→ WHAT TO WORK ON
Pictures should be left out when the listing below is repeated word for word.
THE DATA Start Marker
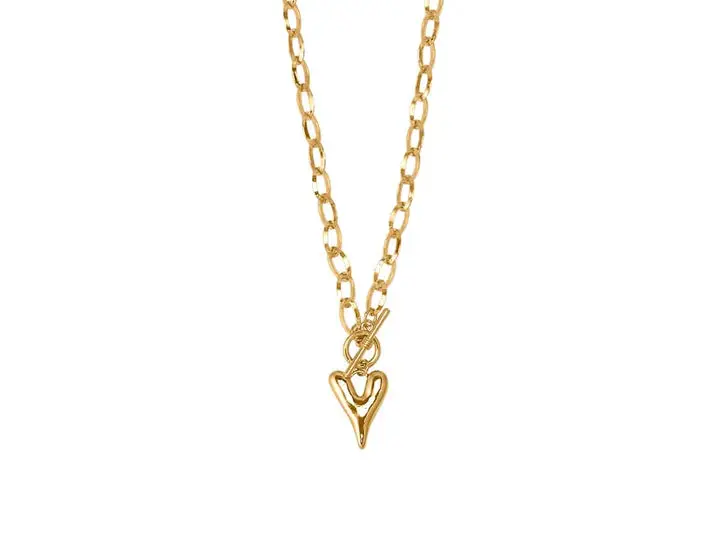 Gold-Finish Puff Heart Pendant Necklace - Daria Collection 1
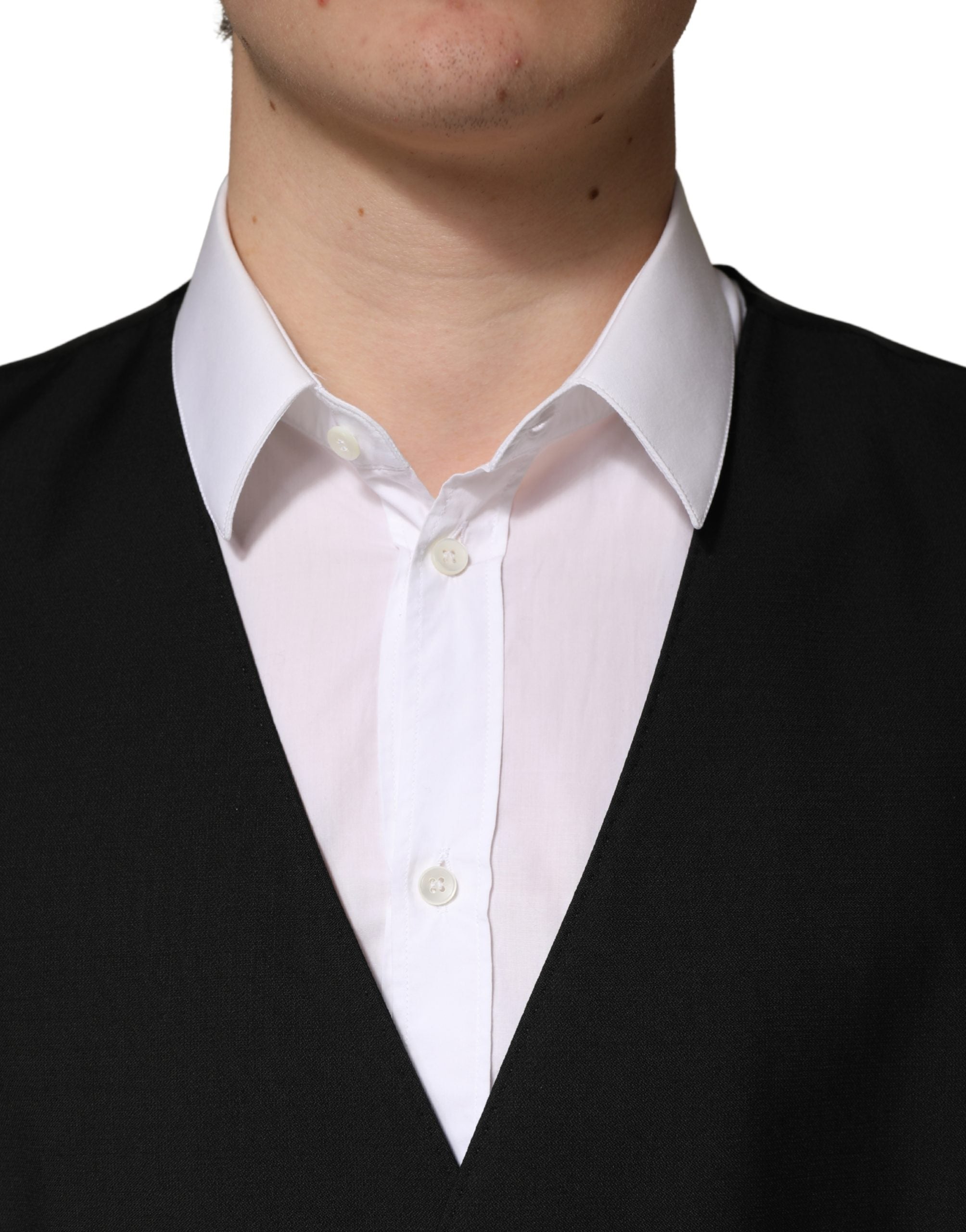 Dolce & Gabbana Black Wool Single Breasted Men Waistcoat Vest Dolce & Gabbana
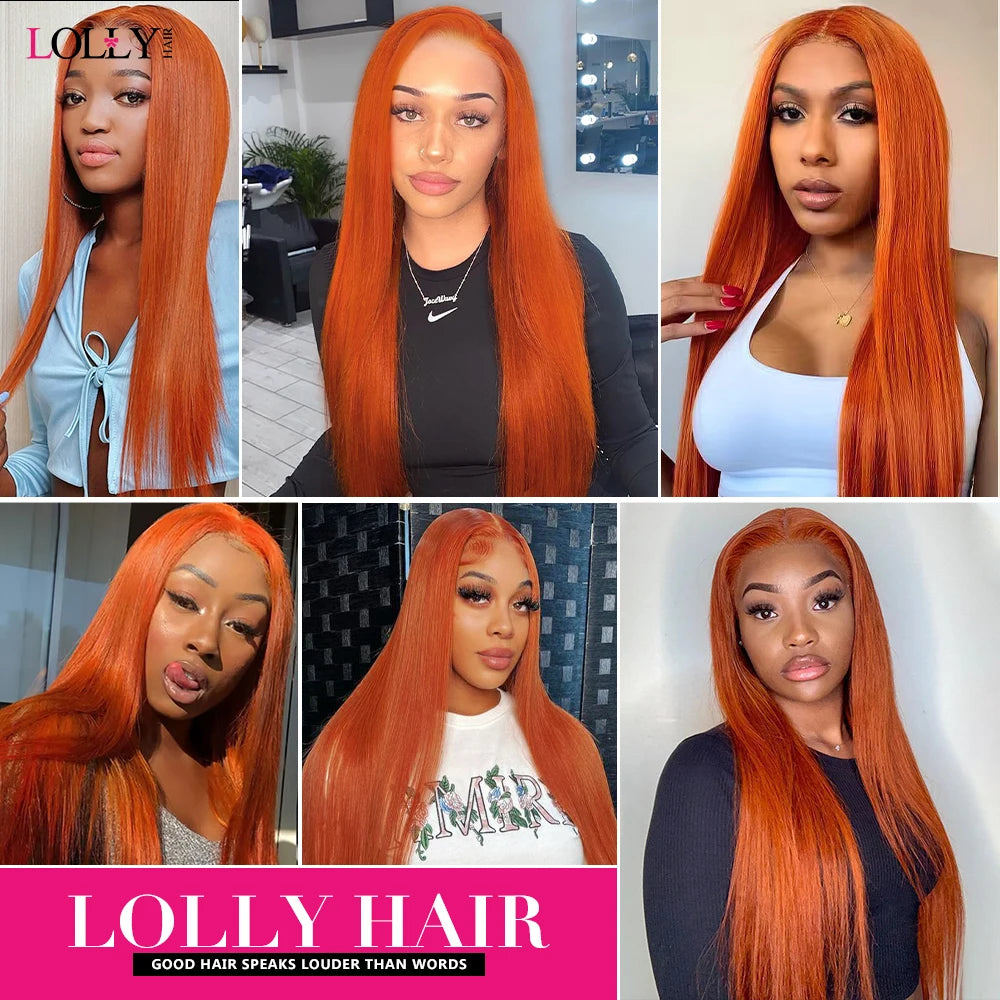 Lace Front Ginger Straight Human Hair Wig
THE DATA End Marker
→ THE ANSWER
 Gold-Finish Puff Heart Pendant Necklace - Daria Collection 1
 Dolce & Gabbana Black Wool Single Breasted Men Waistcoat Vest Dolce & Gabbana
 Lace Front Ginger Straight Human Hair Wig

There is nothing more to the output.